A twopass system could help a bit to better manage potential out of data space situations. I reduce the accuracy requirements a bit for a frame with granules of type start and short because there is a chance that the next frame will have a short block too. If I knew that I could do better. But it's of minor concern IMO because I think it's best to provide a large data space for the first frame in a sequence of short blocks. From the second frame we can't have much more than the data space of a  320 kbps frame.  As the accuracy reduction for a startshort frame isn't severe (amd can be personolized downto 0) I don't think it's worth while going into the pain of developing a twopass system and having the speed penalty when using the encoder.
lame3995o -Q1.7 --lowpass 17

Lame 3.99.5z, a functional extension

Reply #82
A twopass system could help a bit to better manage potential out of data space situations...

I suppose I was suggesting a twopass more as part of the "primary" LAME build, not your variant.  I agree with your comments, however; I can only see a twopass system being beneficial if a person is trying to create the most accurate MP3 possible, given the 320kbps limit.  In your variant, I would think the additional time requirement would only be worthwhile for -V0+ or higher.

Lame 3.99.5z, a functional extension

Reply #83
I think what I said holds true for mp3 in general.
AFAIK video encoding is essentially based on the relation between consecutive pictures in the video. A similar thing is with lossless audio encoding where the current wave sample is encoded as a formula based prediction from the previous samples + coding the prediction error. In these cases a multipass system might help.
Lossy codecs like mp3 however partition a track into frames each of which is encoded individually. The encoding process of the current frame does not depend on the contents of the neighboring frames. So what should a multipass process do? The only exception to this is bitreservoir usage. A multipass system can principally lead to a better bitreservoir management. But for quality settings not very high running out of data space is a minor issue. Even with very high quality settings we are hard-pressed to run out of data space for tonal frames, and we are hard-pressed not to run out of data space in  case of a sequence of several short block granules, and a single-pass bitreservoir management for just one short block granule is possible (I do that with the extension variant).
So within the mp3 framework, it would be hard to find a niche where a multipass process could bring a real advantage.
lame3995o -Q1.7 --lowpass 17

Lame 3.99.5z, a functional extension

Reply #84
I'm back having finished everything on my mind.
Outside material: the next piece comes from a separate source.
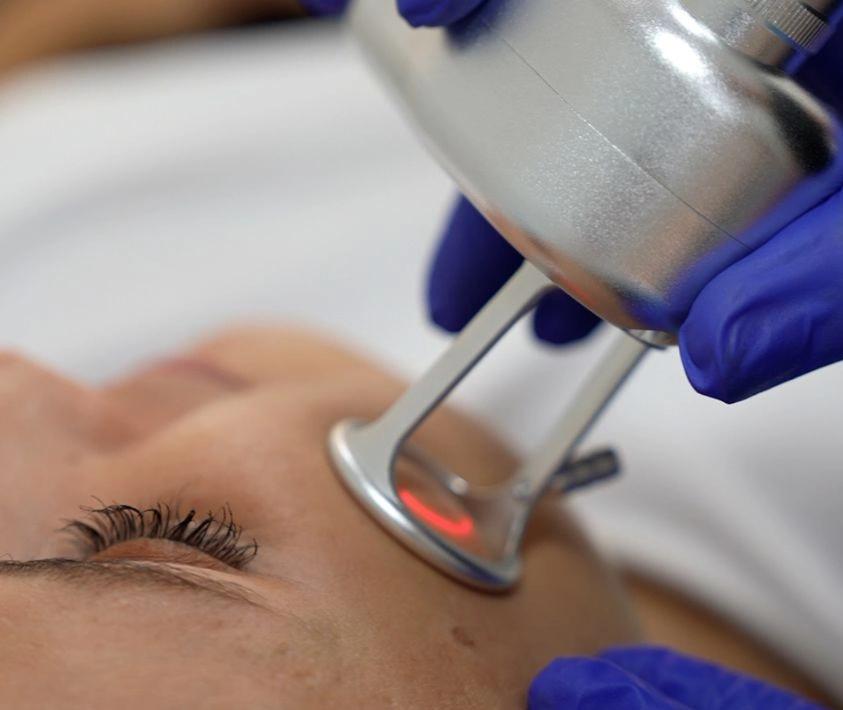 De Acné Sesiones De Laser Co2 Fraccionado Láser CO2 Para El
As I said in a previous post I wanted to get rid of unused bits by either filling up the unused bits with audio data or giving away the unused bits together with some audio data, whichever seems most appropriate. I was successful in the 270-300 kbps average bitrate range, but I did not succeed to generalize the approach to the entire bitrate spectrum.
I had a hard time thinking it over, and finally dropped the idea. After all filling up unused bits with audio data produced for only this reason, or - worth in terms of quality - giving away audio data just because of this is a bit questionable.
So I did something else: I call Omion's fast and lossless mp3packer tool from within lame3995f to do the job. All it takes is to put mp3packer.exe into lame3995f's folder. Of course lame3995f works also without having put mp3packer there, but the mp3 files will be somewhat larger.

While trying to realize my finally unsuccessful approach I had to care about speed because filling the otherwise unused bits with audio data turned out to be an iterative process. As a result I redesigned the iterative process for arriving at target bitrate. Though some of the other things I did are not in favor of speed, the final speed increase will be noticeable, especially with the higher quality settings.

With these changes I could bring things to the limits: keeping bitreservoir high is done now without any compromise, and target bitrate for short blocks is 460 kbps now for any -Vn+.

I did a lot of listening tests for testing about where to put the internal parameters for the various -Vn+ levels in terms of what are appropriate average bitrates in what overall sense. Sure this is a matter of taste to a certain extent. I ended up with the following systematics:
Users who care about universal good quality in the first place, but also about file size (the typical -V2 users) need a bitrate of 200 kbps +/- ~20 kbps according to their needs. So I designed -V5+ to -V2+ to be in this range.
Users who care more or less only about universal top quality can use -V1+ (~257 kbps) or -V0+ (~300 kbps).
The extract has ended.